Conservatives that think any hand-out to the poor is worse than doing nothing.
-- Ebeneezer Scrooge lives amongst us.  If these people would take the time to read the great conservative economists they would discover something they obviously weren't aware of, or perhaps were just ignoring as inconvenient.  Free-markets do not perfectly and justly reward hard work or even well-planned and thought out hard work.  Sure hard work does in the long run benefit people more than laziness, but only in the long run.  And more than that, it only benefits more than laziness in the aggregate.  It's well possible for someone who works hard all their life to always be poor, even in the middle of a wealthy community with minimal government interference.  It's also possible for someone to be lazy all their lives and become wealthy and stay that way.  As Jesus said, "the poor you will have with you always".

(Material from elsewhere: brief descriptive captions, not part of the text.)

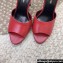 Saint Laurent Heel 9.5cm La 16 Mules in Leather Red 2024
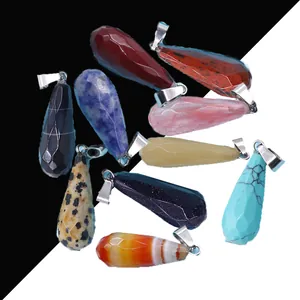 Colgante de Lágrima de Piedra Natural Facetada Solo Colgante Sin Cadena Forma de Gota de Agua Cristal Ágata Turquesa Colgantes para Joyería DIY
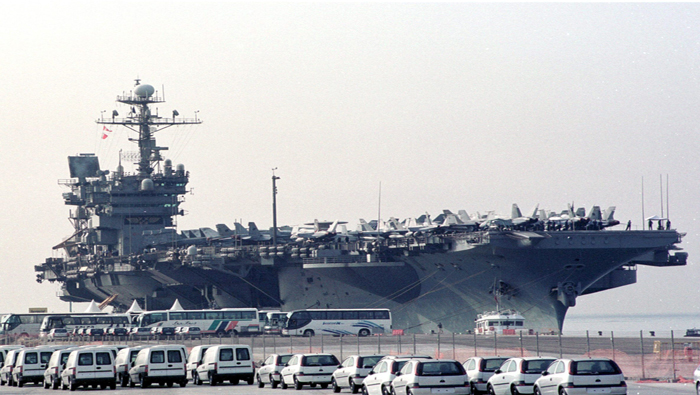 El buque insignia de la Sexta flota de U.S.A., el portaviones 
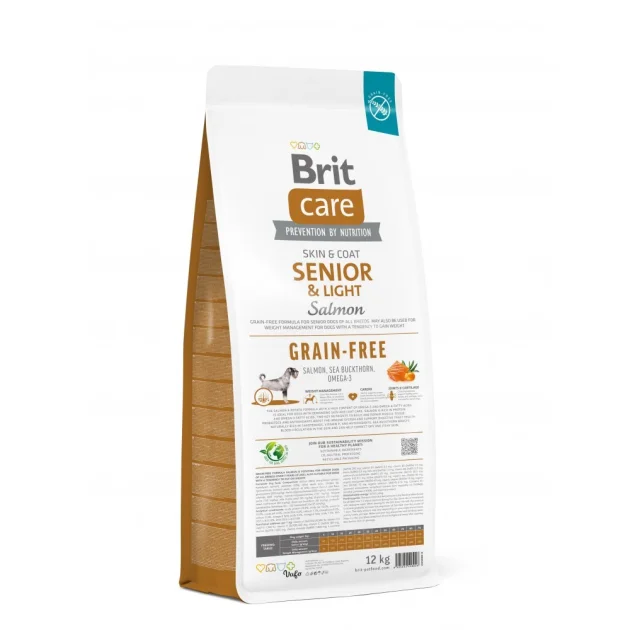 Беззерновий сухий корм Brit Care Dog Grain-free Senior & Light для собак похилого віку, з надмірною вагою, лосось, 12 кг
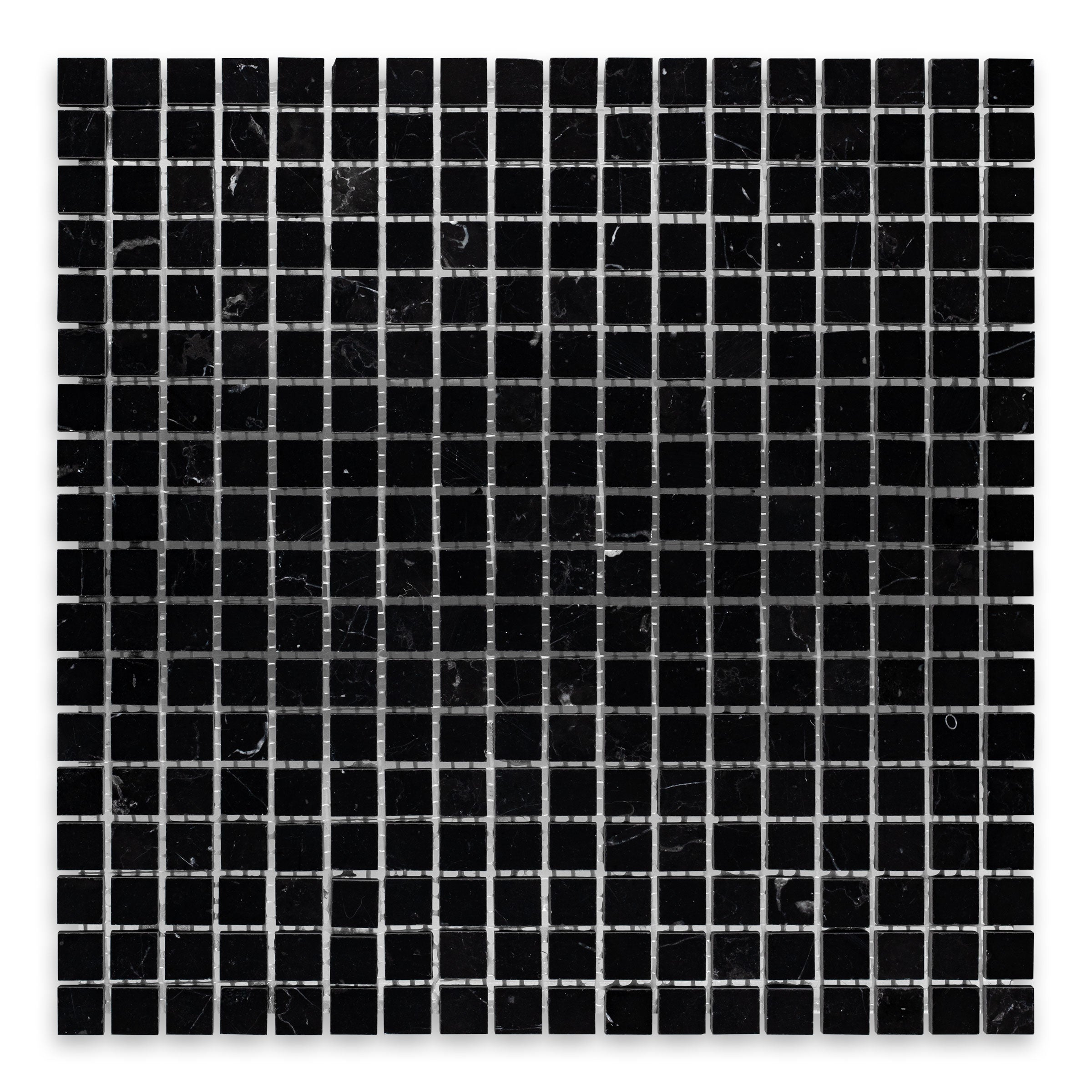NEGRO MARQUINA: 5/8" Straight Stack Mosaic (12"×12"×3/8" | polished)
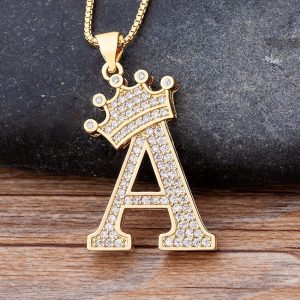 New Luxury Copper Zircon A-Z Crown Alphabet Pendant Chain Necklace Punk Hip-Hop Style Fashion Woman Man Initial Name Jewelry  Cheezstore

-- The "long run" may not come in time for some in immediate need and the "aggregate" may not ever come around for some.
-- This "system" of ours only prevents disaster for some through the generosity of those who can afford to help and are willing to.  To turn the popular phrase, it's easier to teach a well fed man to fish than a starving one.
-- There is no such thing as "compassionate conservatism" because the term is redundant, but unfortunately there is such a thing as "heartless conservatism".  And this is not true conservatism by any means.  Any so-called conservative who doesn't care about an individual in need enough to actually meet their need where they are is a collectivist, and thus they are just a slow moving liberal-progressive-socialist.  Instead of having government pick who dies they let arbitrary market forces do it.  Allowing this in any way is anti-conservative.
-- The conservative alternative to liberalism is less government charity and more private charity, not the end of charity.